Now change the x-axis units to km s\(^{-1}\) and restrict the range being shown.

ta.plot(xaxis_unit="km/s", yaxis_unit="K", ymin=-5, ymax=5, xmin=-2000, xmax=2500)

<dysh.plot.specplot.SpectrumPlot at 0x7155ff1ea620>

Baseline Subtraction

Next we remove a baseline from the data.

We zoom in into the baseline to determine which model the use.

ta.plot(xaxis_unit="chan", yaxis_unit="K", ymin=-2, ymax=2, title="before baseline subtraction")

<dysh.plot.specplot.SpectrumPlot at 0x7155ff1ea620>

The baseline looks quasi-periodic, so a Chebyshev (model='chebyshev') polynomial model may be a good model to use. Other available alternatives are: hermite, legendre and classic polynomial

For baseline subtraction it is possible to specify the range of channels to be included in the fit (using the include argument) or excluded (using the exclude argument). Only one channel selection can be used at a time.

We will also look at the mean, rms, min and max of the data before and after baseline subtraction.

# Define a string.
fmt_str = "mean: {mean:.4f} median: {median:.4f} rms: {rms:.3f} min: {min:.2f} max: {max:.2f}"
# Print the statistics before baseline subtraction.
print(f"Before baseline subtraction -- {fmt_str}".format(**ta[4200:5300].stats()))

# Subtract the baseline.
ta.baseline(model="chebyshev", degree=5, include=[(4200,10000),(22000,32000)], remove=True)

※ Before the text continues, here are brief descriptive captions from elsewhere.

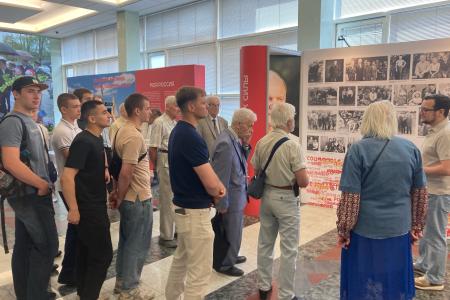 Молодые спортсмены Московской области посетили выставку, посвящённую лидеру Коммунистической партии Г.А. Зюганову
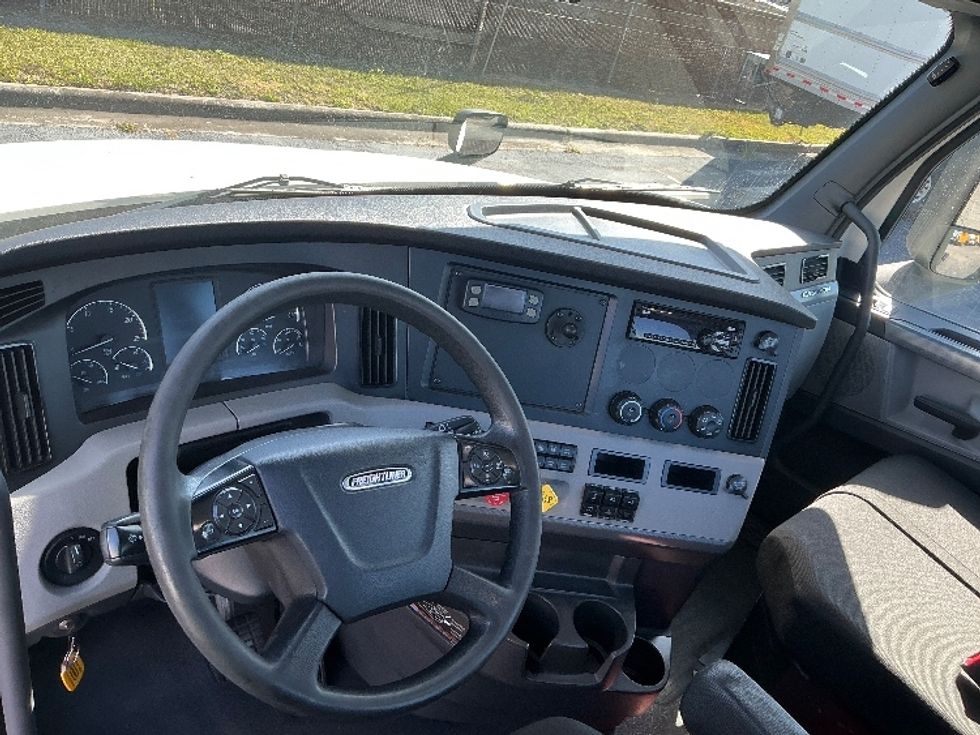 Day Cab Tractor-Heavy Duty Tractors-Freightliner-2020-T12664ST-Orlando-FL-488,620\n\t\tmiles-$ 46,250 - Image 11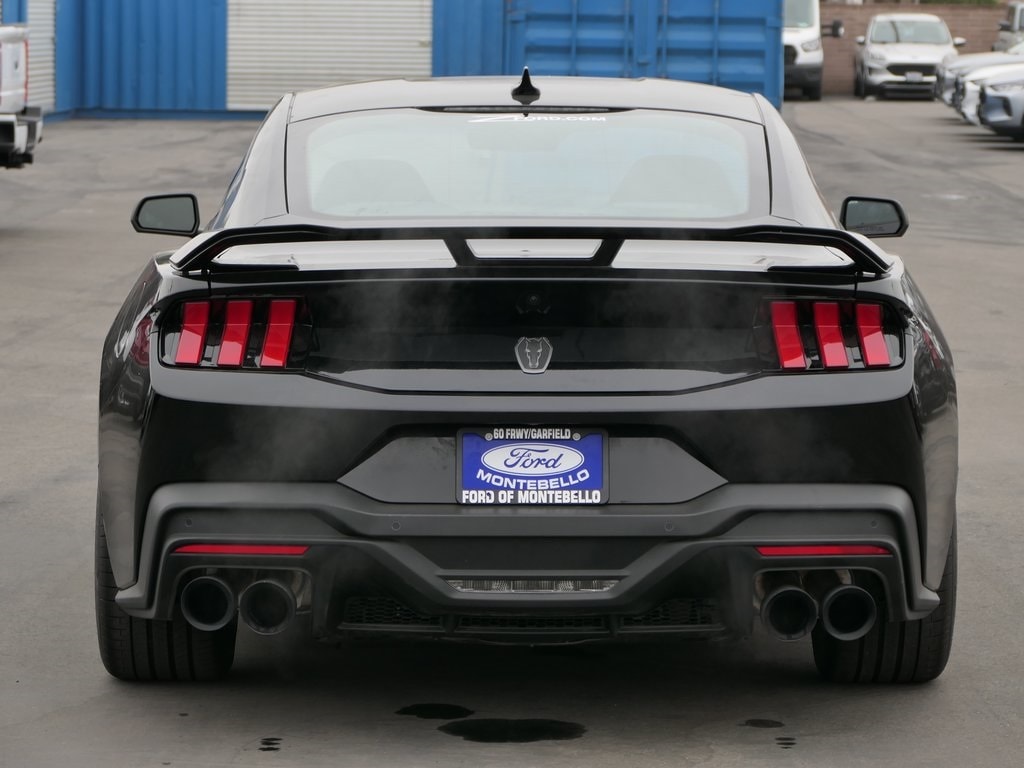 2024 Ford Mustang Dark Horse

# Print the statistics after baseline subtraction.
print(f"After baseline subtraction -- {fmt_str}".format(**ta[4200:5300].stats()))

# Now plot the baseline subtracted spectrum.
ta.plot(xaxis_unit="chan", yaxis_unit="K", ymin=-1, ymax=1, title="after baseline subtraction")

Before baseline subtraction -- mean: 0.1734 K median: 0.1736 K rms: 0.140 K min: -0.88 K max: 0.60 K
After baseline subtraction -- mean: -0.0089 K median: -0.0085 K rms: 0.145 K min: -1.10 K max: 0.45 K

<dysh.plot.specplot.SpectrumPlot at 0x7155ff1ea620>

Now we will undo this baseline fit, and plot it again to see if we get the same spectrum back. Also adding the statistics on the first section of the baseline to confirm the statistics are all the same as before we started fitting.

ta.undo_baseline()
ta_plt = ta.plot(xaxis_unit="chan", yaxis_unit="K", ymin=-1, ymax=1, title='undo the baseline subtraction')
print(f"After undoing the baseline subtraction -- {fmt_str}".format(**ta[4200:5300].stats()))

After undoing the baseline subtraction -- mean: 0.1734 K median: 0.1736 K rms: 0.140 K min: -0.88 K max: 0.60 K

output_dir = Path.cwd() / "output"
ta_plt.savefig(output_dir / "baselined_removed.png")

Using Selection

We will repeat the calibration of scan=90 using selection. To do this we pre-select the data using the sdfits.select() method.

sdfits.select(scan=90)

fs_scan_block2 = sdfits.getfs(plnum=1, ifnum=0, fdnum=0)
ta2 = fs_scan_block2.timeaverage()
ta2.plot(title='Time averaged  plnum=1')
print(f"Using selection polarization 1 -- {fmt_str}".format(**ta2[4200:5300].stats()))

Using selection polarization 1 -- mean: 0.1734 K median: 0.1736 K rms: 0.140 K min: -0.88 K max: 0.60 K

Polarization Average

Now we will calibrate the other polarization and average the two polarizations together.

First we calibrate the second polarization, then time average it and inspect the time-averaged calibrated spectrum.

fs_scan_block3 = sdfits.getfs(plnum=0, ifnum=0,fdnum=0)
ta3 = fs_scan_block3.timeaverage()
ta3.plot(title='Time averaged plnum=0')
print(f"Using selection polarization 0 -- {fmt_str}".format(**ta3[4200:5300].stats()))

Using selection polarization 0 -- mean: 0.3231 K median: 0.3269 K rms: 0.135 K min: -0.42 K max: 0.81 K

Now we average the polarizations.

avg = 0.5*(ta2 + ta3)
avg.plot(ymin=-1,ymax=1, title='Averaged spectrum')
print(f"Polarization average -- {fmt_str}".format(**avg[4200:5300].stats()))

Polarization average -- mean: 0.2483 K median: 0.2515 K rms: 0.105 K min: -0.65 K max: 0.54 K

The noise is reduced by 1.34. Not exactly a factor of \(\sqrt{2}\), likely because of the baseline.